Similarity measures have been widely used in computer vision and digital image processing [1]. Principe et al. [2] developed a similarity measure sensitive to high-order statistics and temporal structures of random processes [3], called correntropy, that was inspired by the work of Parzen [4]. The presence of high-order statistics and temporal structures in the measure makes it suitable for many different applications.

In recent years, the concept of correntropy has been successfully applied to the solution of many problems related to digital image processing, such as automatic face recognition [5],[6], facial recognition with occlusion [7], image recognition using MACE filter (correntropy minimum average correlation energy (CMACE) [8], and classification of sidescan sonar imagery [9]. Nevertheless, depending on the input size, the correntropy can demand a high computational cost. In order to exemplify, the output of the CMACE filter proposed in [8] is obtained by computing the product of two matrices, which depends on the image size and the number of training images which can restrict its application. In [10] and in [11], in order to alleviate the computational complexity, the authors proposed a method to estimate the correntropy using the fast Gauss transform (FGT) and the incomplete Cholesky decomposition (ICD), respectively. The FGT has been applied to many areas including astrophysics, kernel density estimation, and machine learning algorithms decreasing the computation from *O*(*N* *M*) to *O*(*N*+*M*), where *N* is the number of samples (sources) and *M* is the number of points where the evaluation is required [12]. Moreover, the correntropy can be expressed in terms of positive definite matrices, and ICD can be directly applied to reduce the computational burden.

In addition, there are some methods to estimate the correntropy based on the additive form of half-quadratic minimization and nonconvex relaxation [13]-[15]. There is, therefore, a quest to improve the computational cost of the correntropy that may, or may not, involve approximations of the measure.
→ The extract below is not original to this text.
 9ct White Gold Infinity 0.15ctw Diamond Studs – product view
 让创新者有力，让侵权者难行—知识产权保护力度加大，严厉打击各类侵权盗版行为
Another way to allow the use of the correntropy measure in more demanding applications is to find a strategy to make its computation scalable and efficient for a given architecture. This way, the scaling of the architecture will guarantee a faster computation of the measure. Scalability was a common characteristic of all algorithms before the multi-core era [16],[17] for conventional architectures: any scaling or advance in the computer architecture technology generated a gain in the speed of computation. In the advent of the multi-core era, the scaling of the technology - provided by the increasing number of transistors per die - is realized by increasing the number of processing cores per chip and not by faster cores. The computational flow has now multiple paths that need to be subjected to synchronization, communication, and load balancing. The result is that scalability of algorithms in the multi-core era is no longer a common attribute of all algorithms. Now, scalability arises from intrinsic characteristics of the computation and from the programmer's ability to cope with synchronization, communication, and load balancing among the multiple computational flows. Therefore, computational work flows, such as the calculation of the correntropy, need to be evaluated to investigate what are the benefits or the drawbacks of employing it in this new computational era.

In single-core processors, the calculation of correntropy demands a large amount of time, mainly due to its *O*(*n*^{2}) quadratic computational complexity. Depending on the amount of data, the response time can limit or even prevent the use of the metric in applications with higher input dimensions, which unfortunately includes the majority of applications involving computer vision and image analysis.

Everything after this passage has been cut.